WHAT YOU NEED TO DO
All the data should be repeated exactly. Any image in it is left out.
START DATA PROVIDED
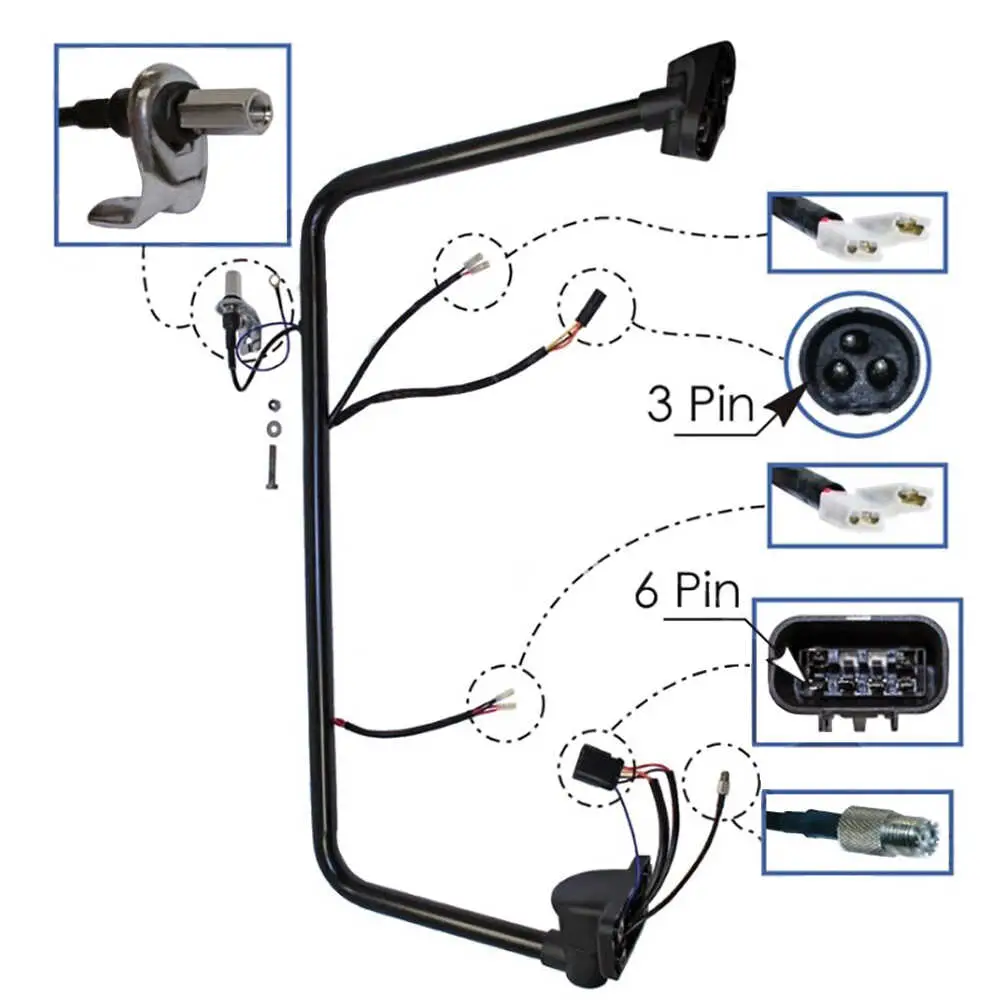 Right mirror loop with wires for heated, motorized head and CB - Fits Freightliner M2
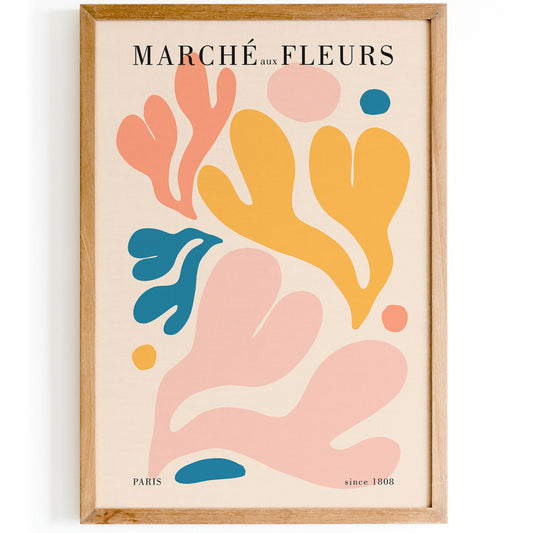 Marche Aux Fleurs, Flower Market Poster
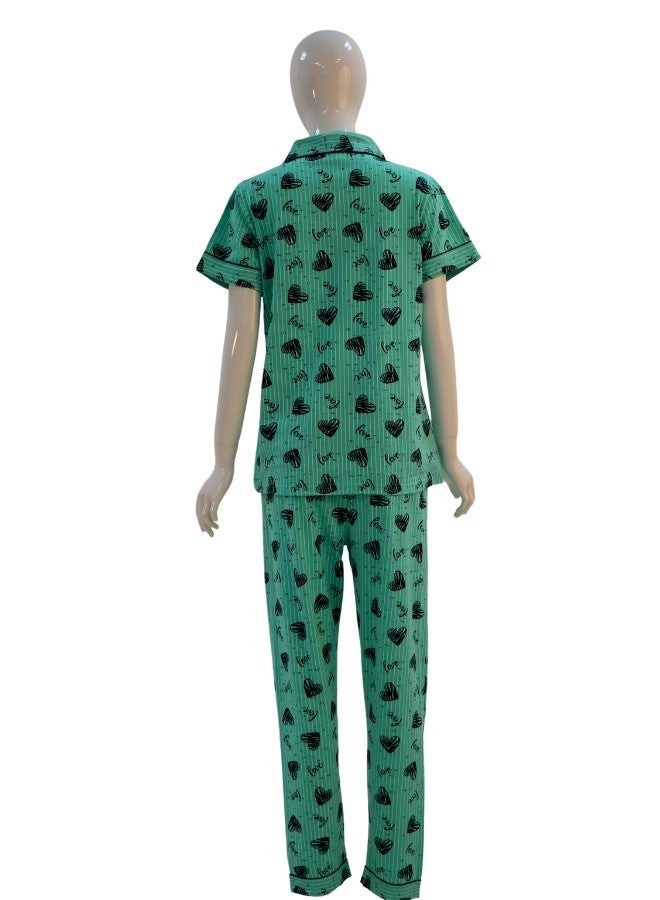 JOANNA JOANNA Women's Hearts Design Button Down Short Sleeve Shirt & Long Pants Pajama Set, Mint Green - Image 5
END DATA PROVIDED
SOLUTION FOR THIS PROBLEM
 Right mirror loop with wires for heated, motorized head and CB - Fits Freightliner M2
 Marche Aux Fleurs, Flower Market Poster
 JOANNA JOANNA Women's Hearts Design Button Down Short Sleeve Shirt & Long Pants Pajama Set, Mint Green - Image 5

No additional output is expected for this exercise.